An on-call starting point

2019/02/01


This doc is intended as a starting point for building an on-call rotation.

Engineers that are "On Call" are responsible for maintaining the health of all production services.

Roster

There shall be two engineers (for redundancy) on-call at any one time.

One engineer is considered the "primary", while the other engineer is considered the "secondary". An example roster looks like this:

Alice: | primary   | secondary |           |           | primary   |
Bob:   |           | primary   | secondary |           |           |
Carol: |           |           | primary   | secondary |           |
Dan:   | secondary |           |           | primary   | secondary |

Responsibilities

Both the primary and the secondary engineer must be available and unimpaired for responding to any incidents that occur. This means that the on-call engineer must have access to a laptop and internet during the rotation.

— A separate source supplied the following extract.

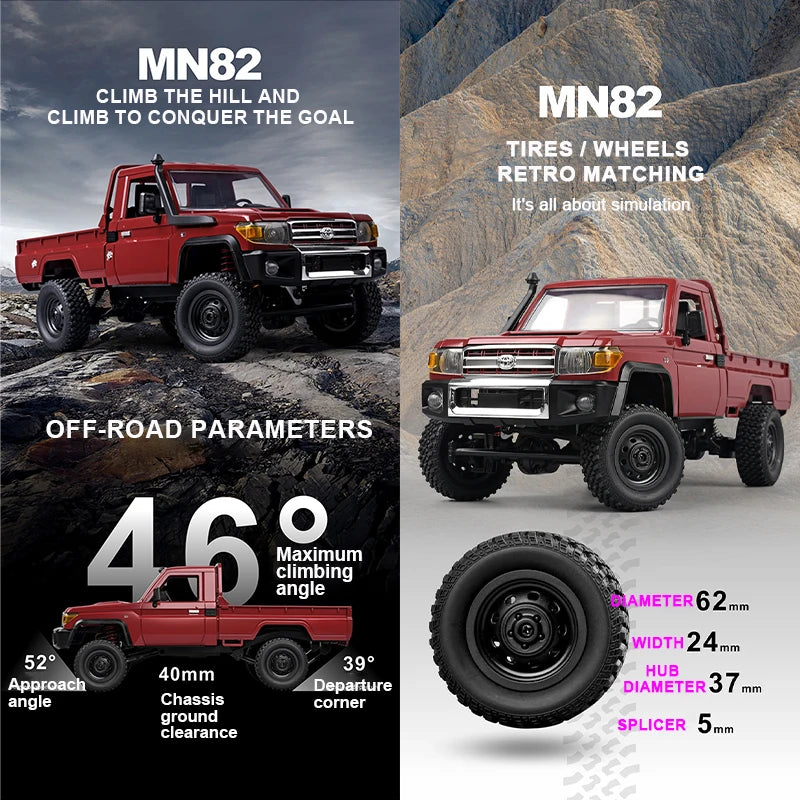 ZWN 1:12/1:16 Retro Rc Car With LED Lights Full-scale Simulation Vehicle Professional 4WD Remote Control Pickup Truck Model Toys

Most incidents are triggered by PagerDuty. The primary will receive an alert immediately during an incident. If the primary does not respond within 5m, the secondary will also receive an alert.

Both the primary and secondary are responsible for making sure that PagerDuty alerts are set up correctly and making sure that they are reachable via other communication channels.

Uncommon, but possibly reports will come in from other sources - so it is wise to keep an eye on Slack for anything unusual.

During an incident:

  1. acknowledge the incident
  2. grade the severity
  3. identify the cause
  4. fix the problem
  5. resolve the incident
  6. update the on-call journal

What to do during an incident

Breathe!

Although you are the first responder, it is important to understand that you are not alone.

Your job is to triage the incident - take the path of least resistance to minimize the impact of the incident. If a couple of servers are experiencing periodic hiccoughs, you don't necessarily need start bug hunting, simply increasing the pool size, or recycling the servers might be enough.

Make sure you check the playbook and the on-call journal to see if the incident is a known problem with a known solution.

Occasionally, you will run into an issue which is not easily resolved and requires some further investigation. If this is the case, start by looking at monitoring services to get a high level understanding of the issue. If you think you can resolve the issue, great. If you are unsure whether you can solve the issue, make sure to timebox yourself, which leads to...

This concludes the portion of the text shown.